This example extracts question types from the UK Parliament Question Answer Sessions 
reproducing the asking too much paper (http://www.cs.cornell.edu/~cristian/Asking_too_much.html).
(due to the non-deterministic nature of clustering, the order of the clusters and some cluster assignments will vary)
This version uses precomputed motifs for speed.

In [1]:
import os
import pkg_resources
import numpy as np

from convokit import Corpus, QuestionTypology, download

Initializing QuestionTypology Class

In [2]:
num_clusters = 8

# Get precomputed motifs. data_dir contains the downloaded data. 
# motifs_dir is the specific path within data_dir that contains the precomputed motifs
data_dir = os.path.join(pkg_resources.resource_filename("convokit", ""), 'downloads', 'parliament')
motifs_dir = os.path.join(data_dir, 'parliament-motifs')

corpus = Corpus(filename=os.path.join(data_dir, 'parliament-corpus'))
questionTypology = QuestionTypology(corpus, data_dir, motifs_dir=motifs_dir, num_dims=25, 
  num_clusters=num_clusters, verbose=False)



questionTypology.types_to_data contains the necessary data that is computed in the step above
its keys are the indices of the clusters (here 0-7). The values are dictionaries with the following keys:
"motifs": the motifs, as a list of tuples of the motif terms
"motif_dists": the corresponding distances of each motif from the centroid of the cluster this motif is in
"fragments": the answer fragments, as a list of tuples of answer terms
"fragment_dists": the corresponding distances of each fragment from the centroid of the cluster this 
fragment is in
"questions": the IDs of the questions in this cluster.

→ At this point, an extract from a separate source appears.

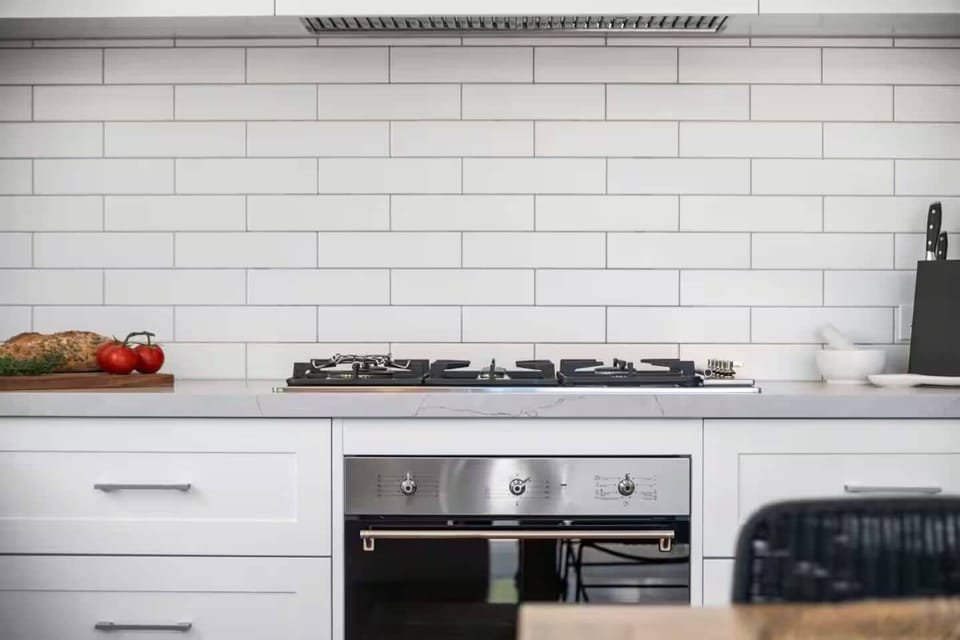 KITCHEN: Quality appliances are a feature with a 900mm cooktop, stone bench top and a pantry with many cooking basics for the chefs convenience.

You can get the corresponding question text by using the
get_question_text_from_pair_idx(pair_idx) method.
"question_dists": the corresponding distances of each question from the centroid of the cluster 
this question is in

Display Outputs

In [3]:
questionTypology.display_totals()
print('10 examples for type 1-8:')
for i in range(num_clusters):
    questionTypology.display_motifs_for_type(i, num_egs=10)
    questionTypology.display_answer_fragments_for_type(i, num_egs=10)
    questionTypology.display_questions_for_type(i, num_egs=10)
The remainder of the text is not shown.